At present, Carina is a Lecturer at SUNY Binghamton, where she teaches courses in translation and introductory and intermediate language courses in Latin and Greek. Carina also served as an instructor of record at Columbia, teaching Elementary and Intermediate Greek and Latin. In addition, she has had the privilege of serving as a Core Curriculum Preceptor in Literature Humanities from the Fall of 2019 to the Spring of 2021.

Much of Carina’s research and teaching is directly informed by her experience in making theatre both within the university context and without. She has produced translations for use in performance and she has co-directed productions of Aeschylus’ Agamemnon, Euripides’ Hippolytus, and Aristophanes’ Frogs, the former being performed in the original Greek. This hands-on experience has sharpened the critical eye with which she studies the performance of Greek drama. It has also helped her to bring alive this same body of work for her students. But more than that, the understanding of what makes theater successful is the very thing which forms the foundation of her teaching practice.

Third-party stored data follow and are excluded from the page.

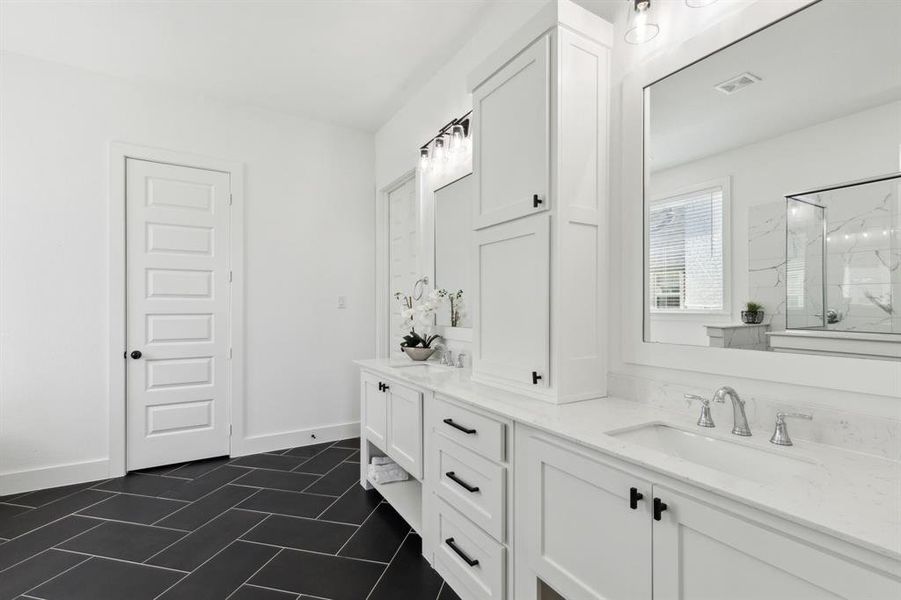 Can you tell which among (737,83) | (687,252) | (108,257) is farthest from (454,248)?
(108,257)

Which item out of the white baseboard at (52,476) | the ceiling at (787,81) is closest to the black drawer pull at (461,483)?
the ceiling at (787,81)

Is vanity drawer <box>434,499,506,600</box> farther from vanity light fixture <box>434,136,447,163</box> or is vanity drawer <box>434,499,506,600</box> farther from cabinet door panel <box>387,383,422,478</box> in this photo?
vanity light fixture <box>434,136,447,163</box>

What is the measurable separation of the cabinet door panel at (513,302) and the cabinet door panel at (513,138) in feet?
0.29

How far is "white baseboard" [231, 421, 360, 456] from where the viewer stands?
142 inches

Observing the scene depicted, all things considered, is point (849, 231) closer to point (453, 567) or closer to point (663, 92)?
point (663, 92)

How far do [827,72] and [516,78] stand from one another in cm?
108

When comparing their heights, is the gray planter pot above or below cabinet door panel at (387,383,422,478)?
above

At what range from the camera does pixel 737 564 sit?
903 mm

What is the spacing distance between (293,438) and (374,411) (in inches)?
58.4

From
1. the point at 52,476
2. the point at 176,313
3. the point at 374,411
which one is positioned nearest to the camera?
the point at 374,411

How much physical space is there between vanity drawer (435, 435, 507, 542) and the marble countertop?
0.23m

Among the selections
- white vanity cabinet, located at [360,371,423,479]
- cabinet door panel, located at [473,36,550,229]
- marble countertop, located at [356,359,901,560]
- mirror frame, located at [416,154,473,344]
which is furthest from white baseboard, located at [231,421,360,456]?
cabinet door panel, located at [473,36,550,229]

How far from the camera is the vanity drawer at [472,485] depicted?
157 centimetres

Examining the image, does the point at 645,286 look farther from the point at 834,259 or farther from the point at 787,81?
the point at 787,81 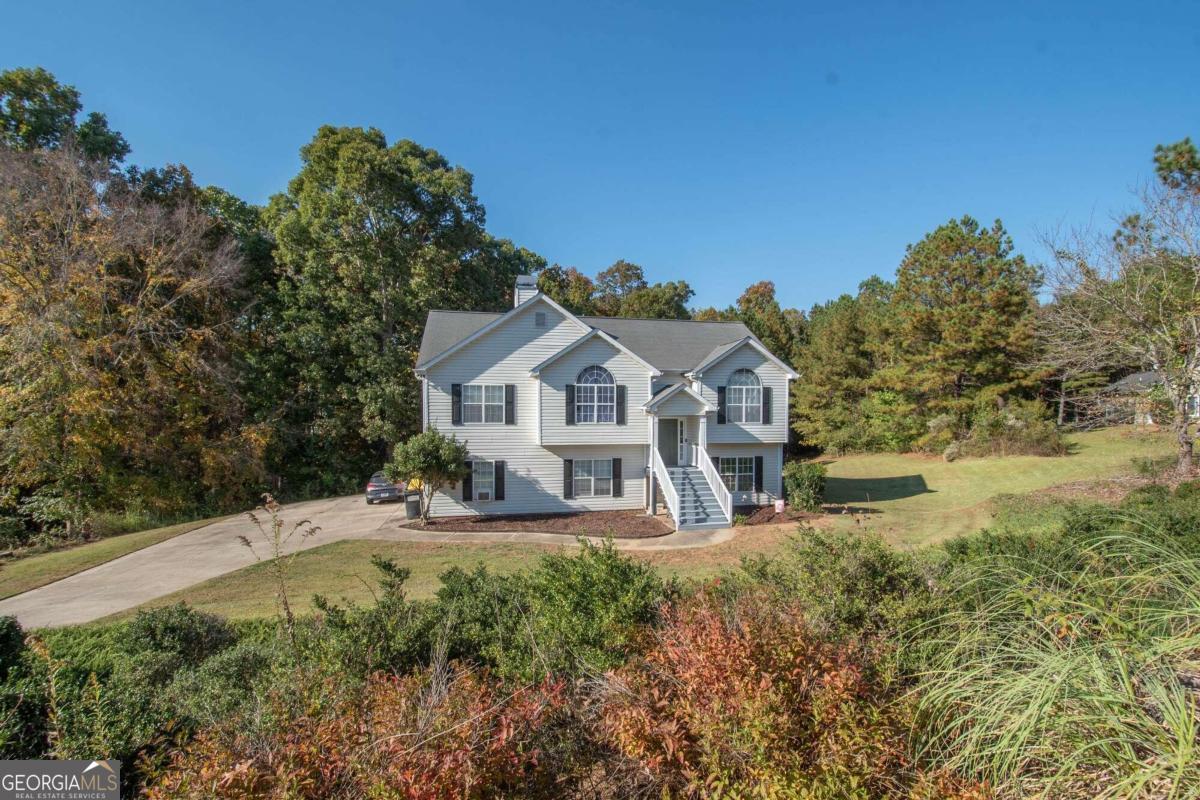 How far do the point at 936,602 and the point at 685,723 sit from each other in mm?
2454

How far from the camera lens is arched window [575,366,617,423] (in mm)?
18219

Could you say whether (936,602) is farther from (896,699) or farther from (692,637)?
(692,637)

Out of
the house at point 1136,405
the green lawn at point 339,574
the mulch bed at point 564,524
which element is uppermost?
the house at point 1136,405

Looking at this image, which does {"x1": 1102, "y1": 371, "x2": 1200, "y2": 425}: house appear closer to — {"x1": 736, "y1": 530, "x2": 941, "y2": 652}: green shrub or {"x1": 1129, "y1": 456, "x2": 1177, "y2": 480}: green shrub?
{"x1": 1129, "y1": 456, "x2": 1177, "y2": 480}: green shrub

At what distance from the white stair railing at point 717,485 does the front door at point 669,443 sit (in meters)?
1.68

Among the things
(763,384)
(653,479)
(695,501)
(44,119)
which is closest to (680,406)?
(653,479)

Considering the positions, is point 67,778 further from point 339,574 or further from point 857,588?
point 339,574

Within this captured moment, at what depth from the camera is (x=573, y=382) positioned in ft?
59.3

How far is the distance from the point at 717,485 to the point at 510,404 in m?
7.54

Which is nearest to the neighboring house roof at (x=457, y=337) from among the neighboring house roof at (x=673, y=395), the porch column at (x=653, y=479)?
the neighboring house roof at (x=673, y=395)

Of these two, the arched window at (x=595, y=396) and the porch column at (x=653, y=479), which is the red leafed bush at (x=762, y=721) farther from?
the arched window at (x=595, y=396)

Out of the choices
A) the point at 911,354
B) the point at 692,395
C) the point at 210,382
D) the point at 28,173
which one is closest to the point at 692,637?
the point at 692,395

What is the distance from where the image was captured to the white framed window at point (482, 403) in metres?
18.0

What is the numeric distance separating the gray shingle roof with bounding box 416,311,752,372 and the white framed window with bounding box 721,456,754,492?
3914 mm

When she’s not in her study or in a classroom, you’ll find Carina on a bike or in the woods or in a garden. Recent personal accomplishments in these areas include: successfully evading the squash vine borer long enough to harvest an armload of zucchini, cycling 100 miles in one day at a personal record of 14.4mph, and hiking up Algonquin peak, the second tallest mountain in NY state.

Selected Publications

  • (2020), "The Politics of Diversity: A Quantitative Analysis of Aristophanes," in Rosen, R.M. and Foley, H.P. (eds), Aristophanes and Politics: New Studies. Brill: Leiden, 137-162.